(sung in English)
Queen Elizabeth Hall
|Images: Clive Barda|
Jennifer France (Her) and National Dance Company Wales
Her – Jennifer France
Him – Johnny Herford
Dancers – Cyril Durand-Gasselin, Nikita Goile, Ed Myhill, Julia Rieder, Malik Williams, Queenie Maidment-Otlet
Michael McCarthy, Caroline Finn (co-directors)
Simon Banham (designs)
Joe Fletcher (lighting)
Sound Intermedia (sound design, after original concept by Thierry Cudoys)
Geoffrey Paterson (conductor)
Ten years ago, I saw one of the first performances of Pascal Dusapin’s Passion at the Festival d’Aix-en-Provence. Now, Music Theatre Wales and National Dance Company Wales give the opera its first United Kingdom production – in an English translation by Amanda Holden from the original Italian: the first time, I believe, that a Dusapin opera has been performed in translation. (I shall admit to a slight disappointment that it was not in Welsh: maybe next time.) The premiere took place two nights earlier in Basingstoke; I saw this resourceful, imaginative dance staging at the Queen Elizabeth Hall. Titles might not have been a bad idea, but there is always something to be said for making an audience listen, or at least encouraging it to do so. (There was, alas, some extraordinary distracting behaviour from a few bad apples on this occasion, one woman near me aggressively scratching herself like an alley-cat throughout, another apparently running a tombola from her handbag. Such highly distracting goings on did not appear to be part of a directorial Konzept; perhaps, however, I was missing the point.)

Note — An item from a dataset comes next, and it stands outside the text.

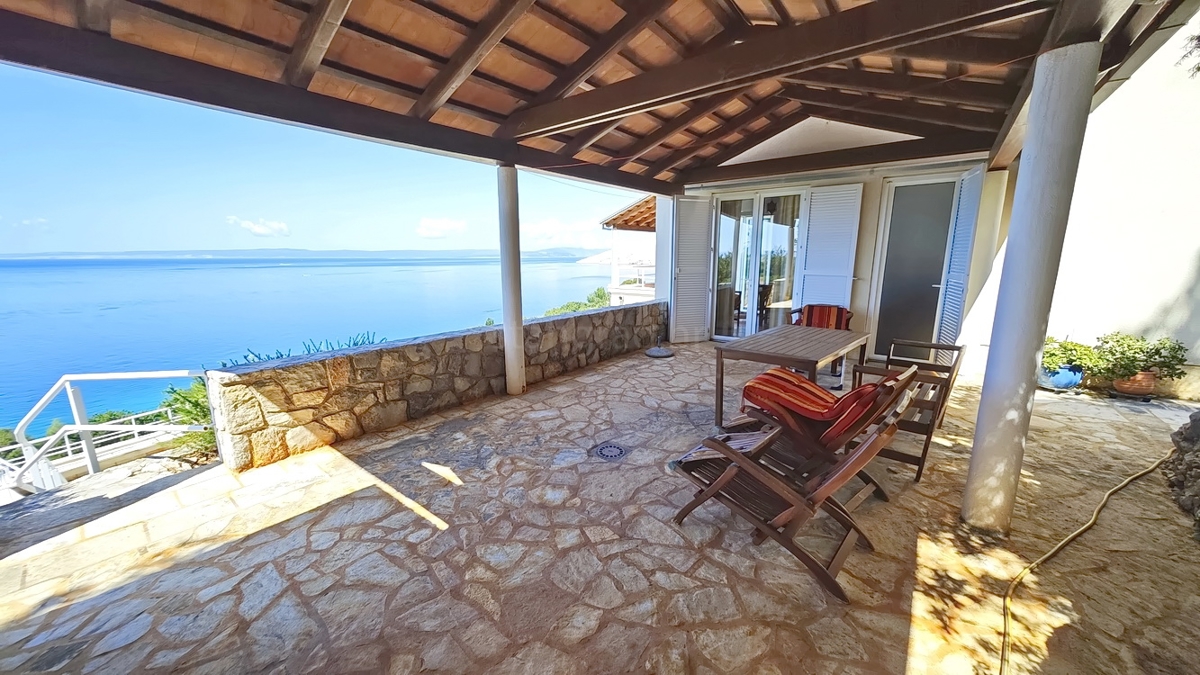 Zona di Punat, villa esclusiva sulla scogliera con vista panoramica sul mare!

Dusapin’s Orpheus or rather Eurydice, opera, the lovers abstracted to Her and Him, Lei and Lui, with shadowing support from ‘The Others’ (Gli Altri), takes its place in perhaps the most venerable of all operatic traditions. Orpheus, son of Calliope, Muse of Epic Poetry, and, according to some tellings of the legend, Apollo’s too, tamed animals, even charmed Hades itself, through performance on his lyre – here suggested, yet perhaps not merely to be identified with, the oud, Rihib Azar’s part and performance evocative, generative, and questioning towards the close. Orpheus’s purview – and that of Greek mousikē more generally – was greater than what we, in an age cursed by specialisation, might consider to be ‘music’: he was poet, enchanter and prophet; he communicated the qualities of all the Muses through his identity as a musical performer. Where, however, is Eurydice in all that? As ‘traditional’ a supportive figure, a victim, as ever? Here she is granted, or better she assumes, newfound agency. As Dusapin, quoted in the progamme, put it: ‘I sincerely wanted to do something with this myth, and yet I wasn’t really attracted to a story where a woman dies, engulfed by flames, sacrificed by the stare of an impatient man … So I thought: “What if the woman knew? And what if she suddenly decided not to go back towards the light?”’ Just as composers from Monteverdi to Birtwistle have retold, remade the myth in the light of their own concerns, the concerns of their times too, so have Dusapin and a splendidly integrated team of performers.
|Johnny Herford (Him) and National Dance Company Wales|
Worthy successors to the not inconsiderable team of Barbara Hannigan, Georg Nigl, Ensemble Musicatreize, Ensemble Modern, and Franck Ollu, Jennifer France, Johnny Herford, EXAUDI, the London Sinfonietta, and Geoffrey Paterson offered an outstanding musical performance, ably shadowed, incited, and criticised by a fine team of dancers. One had little doubt that the Sinfonietta and Paterson were not only presenting what one was ‘supposed’ to hear, but in the emphatic sense performing it, bringing it into life and revealing its form in the dramatic here and now. Comparisons make little sense in the case of an artist such as Hannigan; perhaps they do far more rarely than many of us would care to admit. France’s performance had us believe in this particular Eurydice, her particular concerns and ‘character’: what could be more feminist than that? Herford cheerfully yet wistfully consented to and furthered a remodelling of Orpheus’s role that leaves us all the richer. With none of Nigl’s sometimes disconcerting idiosyncrasies, he – as indeed did the rest of the team – suggested that we are all the richer for this recent chapter in the progress of the myth. A subtly raucous – yes, that is intended – duet between trombone and oboe; a recognisably celestrial yet menacing glimpse of heaven; a (false?) witness of the clavecin ‘past’; an approach to an expected final unison that proved not to be such at all: these and many more such moments attested to the fleeting quality of memory, the necessity of multiple standpoints in and of the present.